El drama humano, político, histórico que se nos narra es escalofriante, pero el
autor no carga nunca las tintas. Y ésta es, precisamente, una de las virtudes
de la novela. Captamos por pequeños detalles que el narrador es católico (así, en
las reflexiones sobre lo que significa ser sacerdote al hilo de las historias
del padre Meloun y de su sucesor hay una profundidad en la mirada que indica
que el asunto no es sólo objeto de un interés abstracto) o que entre él y Nina
(casada, precisamente, con un pastor de trágico destino) sigue existiendo
cierta tensión erótica, pero sólo al final quedan esas impresiones confirmadas
(la oración en latín antes de dormir, el beso a Nina en la puerta del cuarto),
sin ser nunca objeto de aclaración explícita. Sin embargo, para mí, la mayor
fuerza de la obra reside en el montaje, en la construcción de la historia.

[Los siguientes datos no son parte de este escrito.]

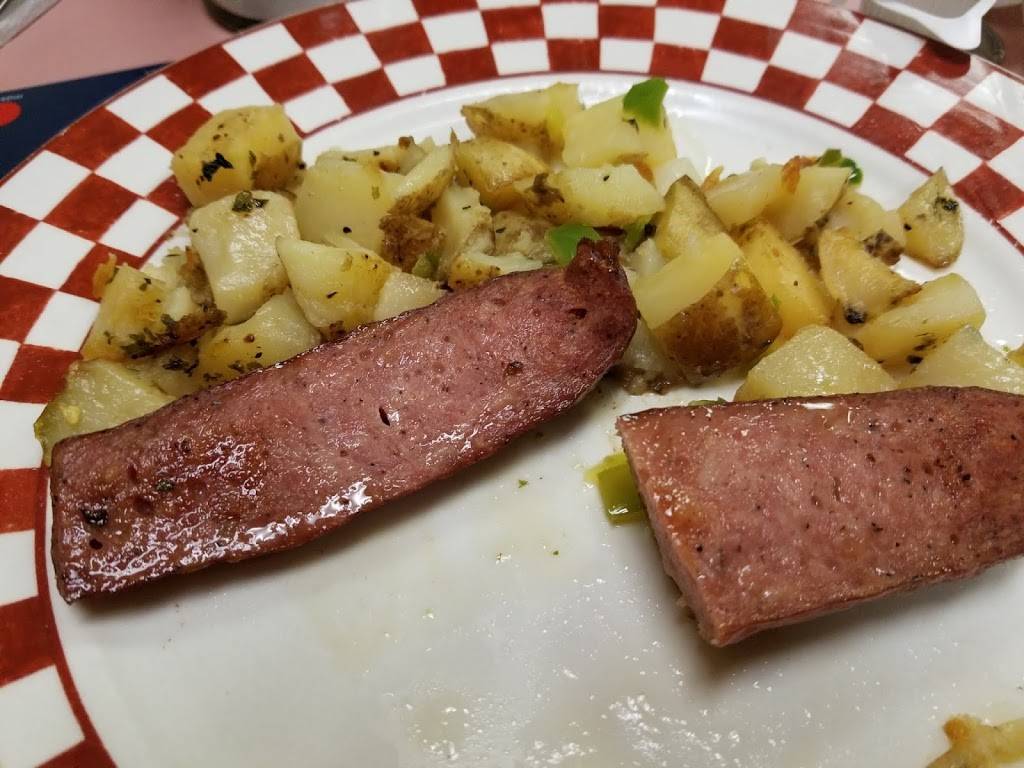 Village Coffee Shop | restaurant | 416 W Lodi Ave, Lodi, CA 95240, USA | 2093681929 OR +1 209-368-1929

La
técnica del leimotiv, aunque no enteramente descartada, parece sustituida,
amortiguada por otra cosa: no deja de estar presente, pero son los estratos de
historias, por así decirlo, que aparecen y desaparecen, que se despliegan desde
una perspectiva o desde otra, que se van configurando de forma paulatina, lo
que va dando a la novela su fuerza y cargándola de densidad narrativa y de
sentido.
En suma, una novela muy
apreciable, para mi gusto, que deja ganas de leer más cosas (hay traducciones
castellanas de Los cobardes o El ingeniero de almas, entre otras; en
catalán, sólo he localizado El saxo baix,
traducida por la prestigiosa Monika Zgustova) de este escritor checo cuya fama
internacional contrasta con su escasa resonancia en nuestro país.